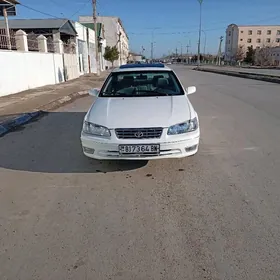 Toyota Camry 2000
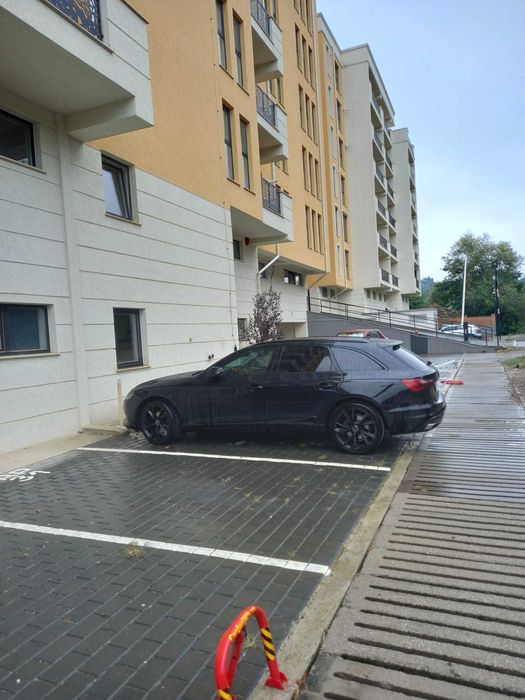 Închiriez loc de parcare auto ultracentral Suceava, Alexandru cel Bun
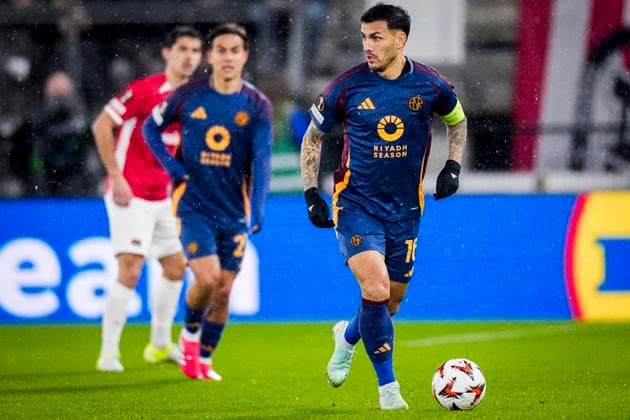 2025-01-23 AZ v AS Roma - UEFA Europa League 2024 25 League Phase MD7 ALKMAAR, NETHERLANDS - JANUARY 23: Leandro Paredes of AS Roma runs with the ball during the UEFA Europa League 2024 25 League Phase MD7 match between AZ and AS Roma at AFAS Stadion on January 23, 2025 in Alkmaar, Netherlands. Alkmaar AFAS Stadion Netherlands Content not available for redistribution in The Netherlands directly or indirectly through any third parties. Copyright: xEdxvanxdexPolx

# [What you will do]
The whole listing above, line by line, needs to be copied exactly, except for any images.

# [Written solution]
 Toyota Camry 2000
 Închiriez loc de parcare auto ultracentral Suceava, Alexandru cel Bun
 2025-01-23 AZ v AS Roma - UEFA Europa League 2024 25 League Phase MD7 ALKMAAR, NETHERLANDS - JANUARY 23: Leandro Paredes of AS Roma runs with the ball during the UEFA Europa League 2024 25 League Phase MD7 match between AZ and AS Roma at AFAS Stadion on January 23, 2025 in Alkmaar, Netherlands. Alkmaar AFAS Stadion Netherlands Content not available for redistribution in The Netherlands directly or indirectly through any third parties. Copyright: xEdxvanxdexPolx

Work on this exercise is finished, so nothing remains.